The headline of the story is certainly an eyecatcher ” the town council has the power to control what the entryway to Breckenridge will look like for the rest of our lives. The Breckenridge Town Council has apparently decided “that garage-like storage units will be built instead of timber-and-stone residences.” I must admit, I am completely dumbfounded at the decision-making process. According to Eric Mamula, “the town’s got to make the best business deal it can for the taxpayer.” Apparently the town council has decided the very best business deal for all of us taxpayers is to have 60,000 square feet of garages be the entryway to one of the greatest resort destinations in the world.
Why? Because “the town’s annexation guidelines call for housing developers to include at least 80 percent attainable housing in their plans.” Who came up with this “guideline?” What reasonable developer can simply give away 80 percent of his property and profit to any community cause? When did Breckenridge become 80 percent communist? Even the executive director of the Summit Combined Housing Authority, Jennifer Kermode, said she was unaware of the town’s 80 percent attainable-housing requirement for annexations. “To me, that sounds like that would be tough in a lot of situations to meet.” The developers of this parcel are willing to make fully 10 of the 26 planned townhomes into affordable housing; they simply can’t make a profit otherwise. In my book, 10 affordable homes for local families to live in forever is much better than zero affordable homes. And nice-looking homes are certainly better than garages as the gateway to our community. Your town council thinks otherwise.

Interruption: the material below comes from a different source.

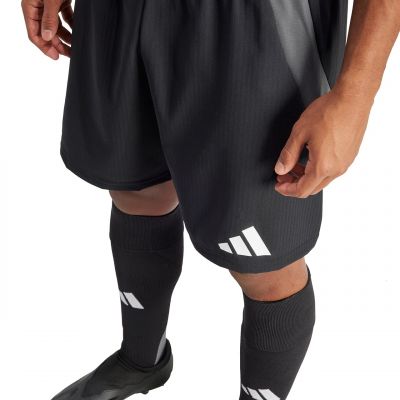5. Spodenki adidas Tiro 24 Competition Training M IQ4753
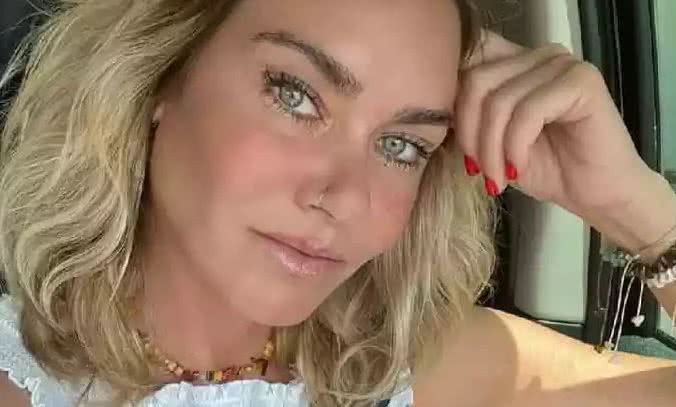Reprodução/Instagram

Why? Eric Mamula suggests that “any group that’s ever annexed has to pay some price” pointing out by way of example that the Breckenridge Highlands development provided the town’s golf course. If I’m not mistaken, the original 18 holes of the Breckenridge Golf Course were developed well before the Highlands was ever even a twinkle in some developer’s eye. And the additional nine holes so graciously “provided” by the Highlands developers created a terrific opportunity for those same developers to have more golf-course frontage homesites. I think there is a very strong argument that the “price” the developers paid to be granted annexation into the Town of Breckenridge actually created more profit for the developer, and I think there is an equally strong argument that the “donation” of the land for the golf course did absolutely nothing to increase the number of affordable housing units. Why isn’t 80 percent of the Highlands subdivision affordable housing? How many affordable-housing units did the Highlands developers, in fact, contribute to the Town of Breckenridge?
Obviously affordable housing is a primary objective of the town council, as well it should be. In addition, I would like to assume, the overall desirability of Breckenridge should be a primary objective for the town council. The choice in this matter seems so obviously clear. Unfortunately not to those who actually make the decisions. I would love to know why. Please tell me. Please tell all of us.
Ultimately, I would hope the members of the Breckenridge Town Council will re-evaluate their position in this matter and consider introducing more reasonable guidelines so as to actually entice and encourage more developers to annex property that include some reasonable mix of affordable housing. As the executive director of the Summit Combined Housing Authority said “I think anytime (developments include) any affordable units is a plus for us – as opposed to mini storage…..by the same token, if you’re a developer, it has to make economic sense to do it.” So please, town council members, make the rules make economic sense and make the rules make common sense. Look at the long-term benefits to the Town of Breckenridge. Look at the benefits to the local families. Look at the benefits to the gateway of our wonderful town, and please make the right decision for all of us.